Washington: As we wait for Juno’s first close-up images of Jupiter on August 27, NASA continues to explore our solar system to help answer fundamental questions about how we came to be, where we are going and whether we are alone in the universe.
“Juno is the latest example of the extraordinary science we have to look forward to right in our own solar system,” said Jim Green, Director of NASA Planetary Division.
“There are many uncharted, promising worlds and objects we are eager to explore with our current and future missions,” he added in a statement.
In September, NASA will launch OSIRIS-REx (Origins, Spectral Interpretation, Resource Identification, Security-Regolith Explorer) – the first US mission to a near-Earth asteroid (Bennu) to collect a sample for return to Earth in 2023.
OSIRIS-REx will help unlock secrets of the history of our solar system, and shed light on how life may have come to be on our planet.
The James Webb Space Telescope (Webb telescope), set to launch in 2018, can observe not only faint objects across the universe but also our neighbouring planets and their moons within our solar system.
Webb’s angular and spectral resolution will allow us to observe these targets with unprecedented sensitivity and even follow geologic activity.
With Juno exploring Jupiter, NASA is also intrigued by its largest moons.
Io’s intense geological activity makes it the most volcanically active world in the solar system, something Webb could potentially follow-up with.
The US space agency has selected nine science instruments for a future mission to investigate whether Europa — a mysterious moon that scientists believe to have a liquid ocean beneath its icy surface — hosts habitable environments.
Hubble, with its suite of upgraded instruments, has captured Jupiter’s auroras and found evidence of saltwater on Jupiter’s largest moon, Ganymede.
The mission has been extended another five years, and NASA expects it to continue to provide excellent science.
“NASA’s Cassini spacecraft continues exploring Saturn, its rings and moons, as it has since 2004. In 2017, during the final phase of its long mission, Cassini will complete 22 dives through the narrow gap between Saturn’s outer atmosphere and its rings,” the statement read.
Titan is one of the major satellites of Saturn, with a rich atmosphere and surface chemistry that has been observed extensively by Cassini and ESA’s Huygens Probe.

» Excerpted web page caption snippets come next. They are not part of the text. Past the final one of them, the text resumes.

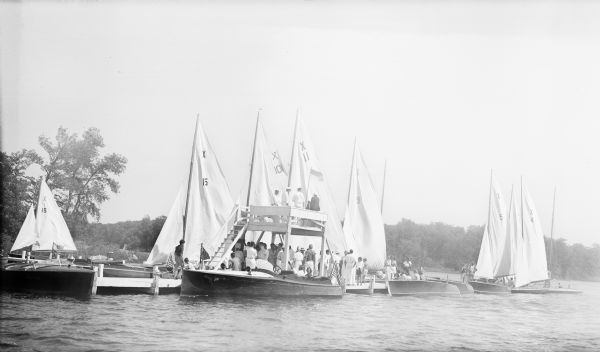 View across water towards five wooden power boats moored at a pier on Pine Lake. On the far side and at right are a number of racing yachts, with a dinghy sailboat at far left. There are four men on a raised platform on the pier, with a crowd on the pier itself.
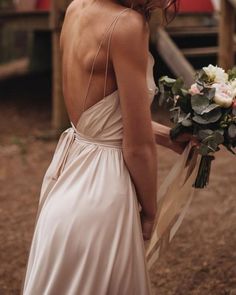 a woman in a white dress holding a bouquet and looking at the back of her dress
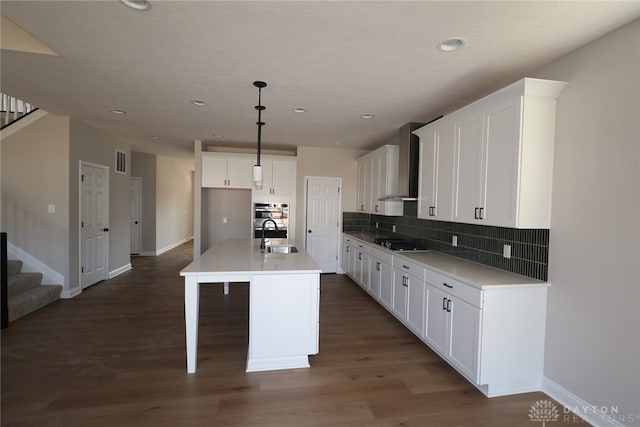 2855 Sky Crossing Dr Unit 50, Beavercreek, OH 45434 - kitchen featuring wall chimney exhaust hood, black stovetop, backsplash, white cabinetry, and an island with sink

After Cassini’s mission ends, Webb will begin operations, providing an excellent platform for continuing studies of Titan with its unique new capabilities.
“On our journey to Mars, we are closer than ever before to sending American astronauts to our neighbouring Red Planet,” Green noted.
The next Mars rover scheduled for launch in 2020 is under construction and NASA’s InSight Mission to study the interior of the Red Planet is scheduled to launch in 2018.